← Back to context

Comment by JFingleton

4 days ago

I'm not sure why people are expecting a language model to be great at chess. Remember they are trained on text, which is not the best medium for representing things like a chess board. They are also "general models", with limited training on pretty much everything apart from human language.

An Alpha Star type model would wipe the floor at chess.

This misses the point. LLMs will do things like move a knight by a single square as if it were a pawn. Chess is an extremely well understood game, and the rules about how things move is almost certainly well-represented in the training data.

These models cannot even make legal chess moves. That’s incredibly basic logic, and it shows how LLMs are still completely incapable of reasoning or understanding. Many kinds of task are never going to be possible for LLMs unless that changes. Programming is one of those tasks.

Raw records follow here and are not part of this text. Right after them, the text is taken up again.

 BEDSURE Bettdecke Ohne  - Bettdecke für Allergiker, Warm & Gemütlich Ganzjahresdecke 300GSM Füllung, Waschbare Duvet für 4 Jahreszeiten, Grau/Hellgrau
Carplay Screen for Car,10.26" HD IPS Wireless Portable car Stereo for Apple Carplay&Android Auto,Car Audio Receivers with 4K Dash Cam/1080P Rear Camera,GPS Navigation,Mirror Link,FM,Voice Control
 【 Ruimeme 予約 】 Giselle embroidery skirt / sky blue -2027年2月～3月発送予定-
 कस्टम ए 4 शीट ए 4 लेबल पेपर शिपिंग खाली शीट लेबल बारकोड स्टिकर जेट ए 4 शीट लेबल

  • >These models cannot even make legal chess moves. That’s incredibly basic logic, and it shows how LLMs are still completely incapable of reasoning or understanding.

    Yeah they can. There's a link I shared to prove it which you've conveniently ignored.

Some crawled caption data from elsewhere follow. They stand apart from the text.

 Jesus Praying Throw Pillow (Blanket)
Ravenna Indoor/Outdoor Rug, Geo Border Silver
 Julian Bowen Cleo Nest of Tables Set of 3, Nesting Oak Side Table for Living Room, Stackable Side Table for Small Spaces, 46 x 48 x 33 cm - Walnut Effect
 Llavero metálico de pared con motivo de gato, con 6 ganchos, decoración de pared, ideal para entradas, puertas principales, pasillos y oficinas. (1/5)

    LLMs learn by predicting, failing and getting a little better, rinse and repeat. Pre-training is not like reading a book. LLMs trained on chess games play chess just fine. They don't make the silly mistakes you're talking about and they very rarely make illegal moves.

    There's gpt-3.5-turbo-instruct which i already shared and plays at around 1800 ELO. Then there's this grandmaster level chess transformer - https://arxiv.org/abs/2402.04494. They're also a couple of models that were trained in the Eleuther AI discord that reached about 1100-1300 Elo.

    I don't know what the peak of LLM Chess playing looks like but this is clearly less of a 'LLMs can't do this' problem and more 'Open AI/Anthropic/Google etc don't care if their models can play Chess or not' problem.

    So are they capable of reasoning now or would you like to shift the posts ?

    • I think the point here is that if you have to pretrain it for every specific task, it's not artificial general intelligence, by definition.

      3 replies →

  • Saying programming is a task that is "never going to be possible" for an LLM is a big claim, given how many people have derived huge value from having LLMs write code for them over the past two years.

    (Unless you're arguing against the idea that LLMs are making programmers obsolete, in which case I fully agree with you.)

    • I think "useful as an assistant for coding" and "being able to program" are two different things.

      When I was trying to understand what is happening with hallucination GPT gave me this: > It's called hallucinating when LLMs get things wrong because the model generates content that sounds plausible but is factually incorrect or made-up—similar to how a person might "see" or "experience" things that aren't real during a hallucination.

      From that we can see that they fundamentally don't know what is correct. While they can get better at predicting correct answers, no-one has explained how they are expected to cross the boundary from "sounding plausible" to "knowing they are factually correct". All the attempts so far seem to be about reducing the likelihood of hallucination, not fixing the problem that they fundamentally don't understand what they are saying.

      Until/unless they are able to understand the output enough to verify the truth then there's a knowledge gap that seems dangerous given how much code we are allowing "AI" to write.

      1 reply →

> I'm not sure why people are expecting a language model to be great at chess.

Because the conversation is about AGI, and how far away we are from AGI.